この大会に関するニュースは,ケベック州の人々にどのように受けとめられたでしょうか。協力を阻むような公の偏見や問題が何かありましたか。大会監督は,大会が始まる前に,管理部門で働く人々全員の感じたことを次のように言い表わしました。「私が今まで監督したどの大会においても,市長からその部下に至るまで,市当局からのこれほどすばらしい協力を得たことはありません。例えば,私たちはモントリオールの中心部に,1万2,000人もの人々が一晩のうちに,文字通り一晩のうちに移ってこれるような100エーカー(約40万平方㍍)に及ぶ土地をトレーラー・シティーとして必要としていました。そうした計画のために施設を建設するにはなすべき仕事が山ほどあります。そして,もちろん守らなければならない基準や法律もあります。市の技術者たちはこの仕事を行なう上で全面的に協力してくれました。それは,カナダに住む私たちも,また技術者たちもかつて経験したことのないほど大規模な仕事でした」。
1960年の地域大会に出席した一人のエホバの証人は,市およびオリンピック当局者の示したていねいな態度や協力的な態度,また関心の程にびっくりしました。「デュプレシスや教会の支配していたころとは何という違いでしょう」とその証人は語りました。
大会監督は次のように述べてその点を要約しています。「大会の準備のためにすごしたどの日にも,私たちは市当局から本当に歓迎されているという感じがしました」。また,ケベック州のエホバの証人の110のフランス語の会衆と,32の英語の会衆すべてが,やはり大会をここで開いてほしいと望んでいたことも確かです。モントリオールで活動しているギリシャ語,スペイン語,ポルトガル語の会衆とともに,イタリア語の六つの会衆も同様に感じていました。

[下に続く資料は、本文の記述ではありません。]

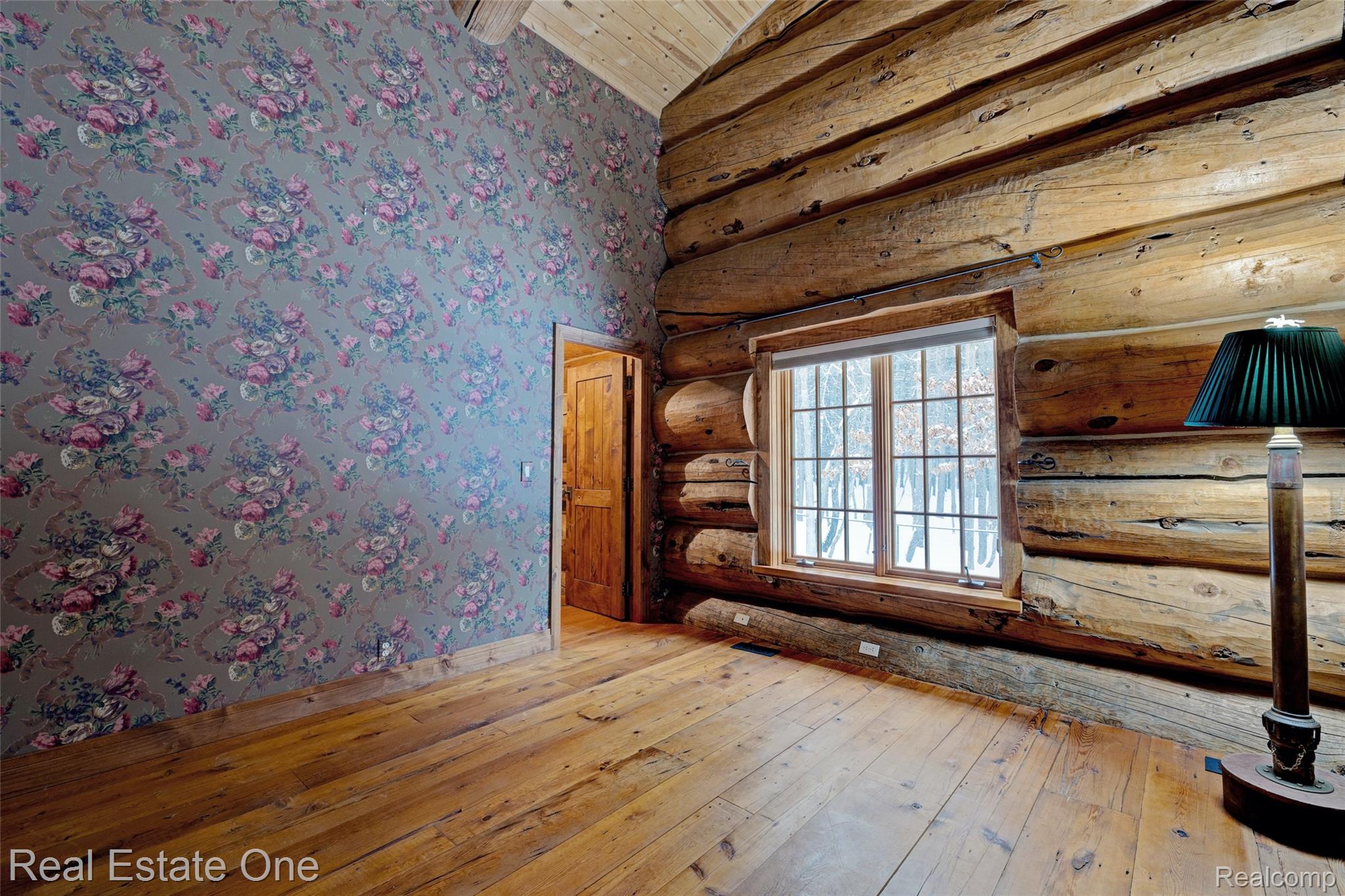 4340 Lahring Road Holly, MI 48442 - Photo 32 of 89 Unfurnished room featuring hardwood / wood-style floors, rustic walls, wallpapered walls, lofted ceiling, and wood ceiling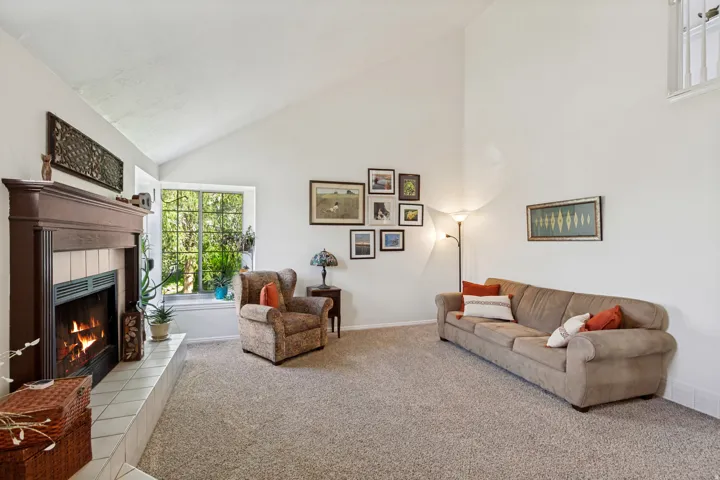Cathedral ceiling living space with a fireplace featuring a dark wood mantel and a tiled hearth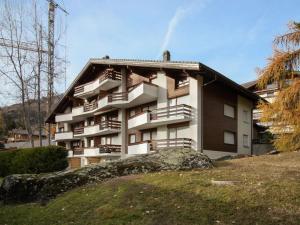 a building with balconies on the side of it at Apartment Entremont 60 by Interhome in Verbier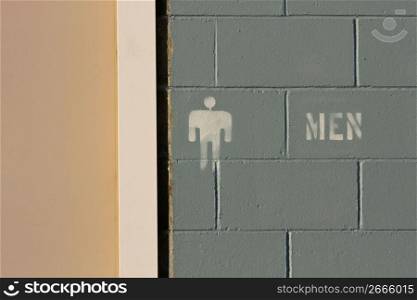 Cinder block wall detail with male bathroom signage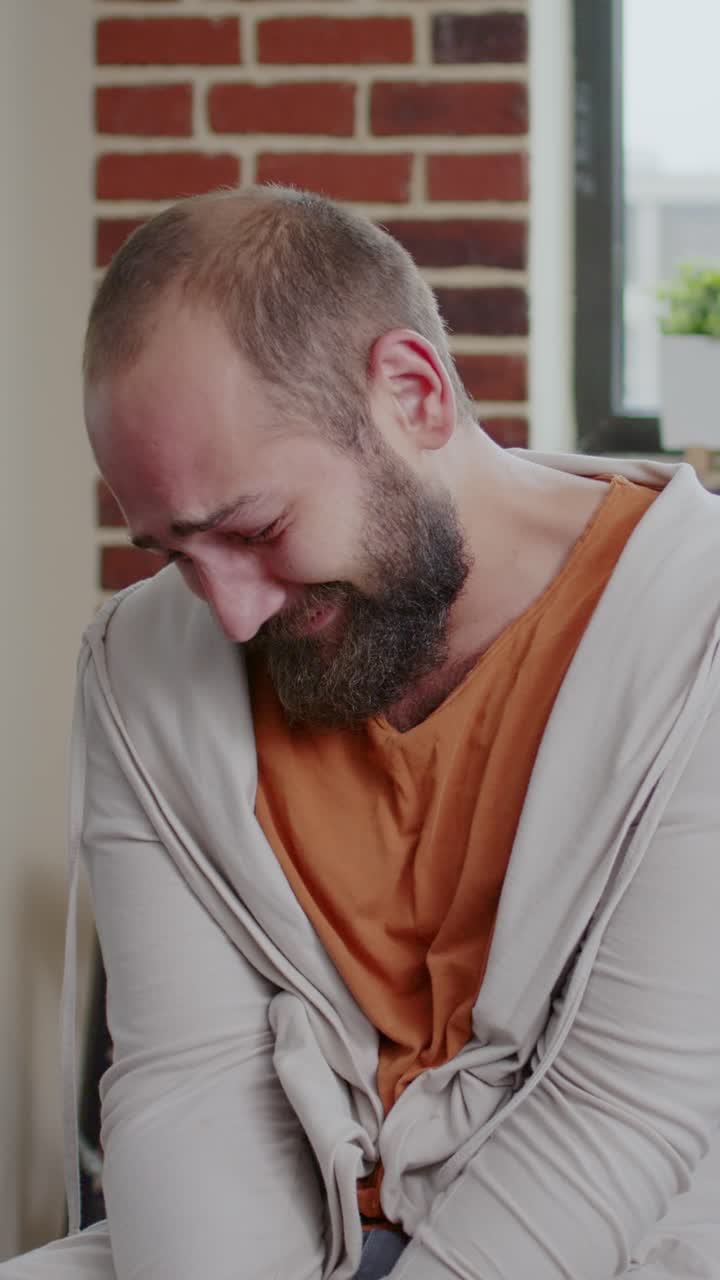 A man expressing sadness and crying indoors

ケベック州におけるエホバの証人は,長年の間確かに増加してきました。現在のケベック州のエホバの証人は,カナダのエホバの証人全体の4パーセントどころか15パーセントをも占めています。ここケベックでは,カナダの他の地域に比べてその数は3倍も早く増えてきました。この州のエホバの証人は,献身的で勤勉な人々です。それは,ケベック州で,11人のエホバの証人のうち1人が福音宣明の業において全時間奉仕者であるという事実にも表われています。
オリンピック・パークと信仰の戦い
オリンピック・パークのすばらしい施設が大会の成功に貢献したことは確かです。競技場自体は,約7万人を収容し,そこで英語のプログラムが行なわれました。カナダ東部と米国北東部の一部のエホバの証人すべてがこの大会に招待されました。世界の他の場所からも数百人が出席しました。フランス人の出席者は主にケベック州から来ましたが,フランス語を話す人々の代表者はフランスやグアドループ島,またマルティニーク島などかなり多くの国々からも来ました。フランス語の大会は,オリンピック・パークの別の大きな施設である,冷房のきく競輪場で開かれ,約9,000名のエホバの証人が出席しました。1945年当時のケベックのエホバの証人が,将来起ころうとしていたことを目にすることができたなら,きっと心暖まる思いをしたに違いありません。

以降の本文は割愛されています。